The story of air combat in every theatre of World War Two
Author: Merfyn Bourne
Pubpsher: Troubador Publishing Ltd
This book is a complete narrative history of the Second World War in the air which starts by describing the early days of flight in order to put military air power in context when World War Two began. It then moves on to a step-by-step coverage of the air combat in each theatre of war.
Release on 1990-10-26 | by Francis Harry Hinsley,M. E. Howard
Author: Francis Harry Hinsley,M. E. Howard
Pubpsher: Cambridge University Press
Volume 5 of the Official History of Intelligence in the Second World War, Strategic Deception, brings the series to an end. Strategic deception depends for its success on the availability of good security and good intelligence. The first three volumes of the series described the intelligence channels that gave the Allies their incomparable insight into enemy capabilities and intentions.

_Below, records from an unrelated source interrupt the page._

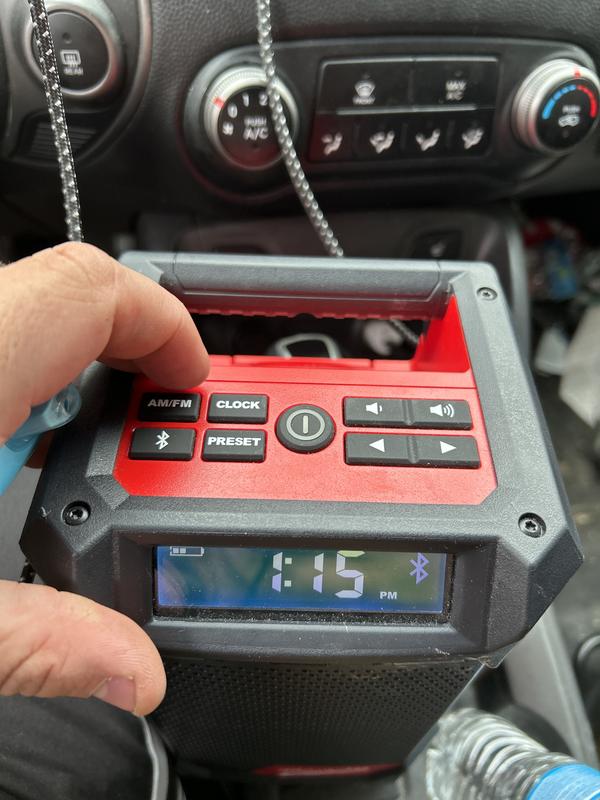 Milwaukee tools radio online charger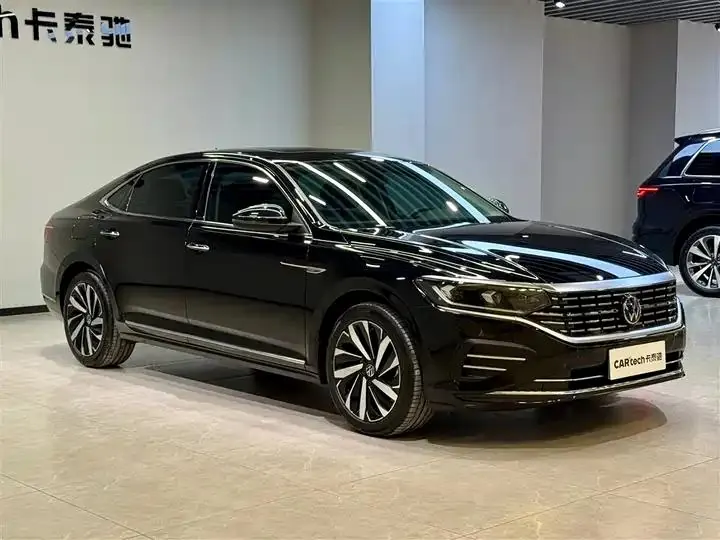 Passat 2025 outstanding 380TSI Longteng Edition 2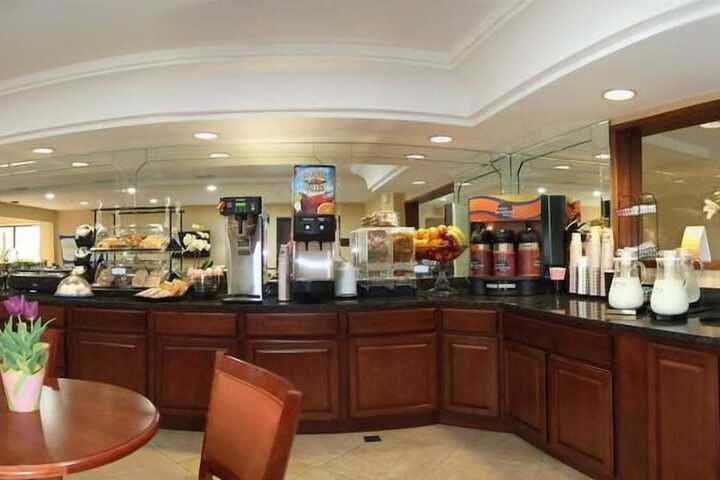 Breakfast/Coffee Service 28 of 32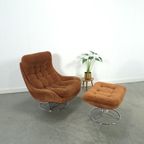 Draaifauteuil Met Bruine Ribstof En Hocker thumbnail 3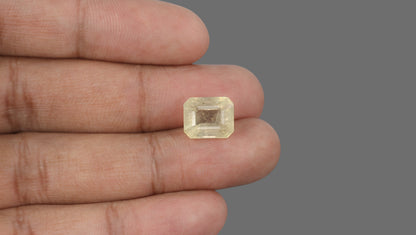 Natural Yellow Sapphire 9.33 Carats / 10.25 Ratti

Release on 2014-04-30 | by John Grehan,Martin Mace
Author: John Grehan,Martin Mace
Pubpsher: Pen and Sword
Despatches in this volume include those covering the Battle of Matapan in 1941, Fleet Air Arm operations in 1940, the Battle of Sirte in 1942, the action with the Italian Fleet off Calabria (Central Mediterranean) in 1940, the engagement between British and Italian forces off Cape Spartivento (Central Mediterranean) in 1940, the Mediterranean convoys between January 1941 and August 1942 which includes the famous Operation Pedestal, operations in the Aegean in 1943, the engagement with an Italian convoy in 1941, and the despatch covering Coastal Force actions, including those in the Mediterranean.??This unique collection of original documents will prove to be an invaluable resource for historians, students and all those interested in what was one of the most significant periods in British military history.??The Coastal Forces despatch also includes those vessels assigned to the Levant, Dover and Nore stations i.e. outside of the Mediterranean theatre.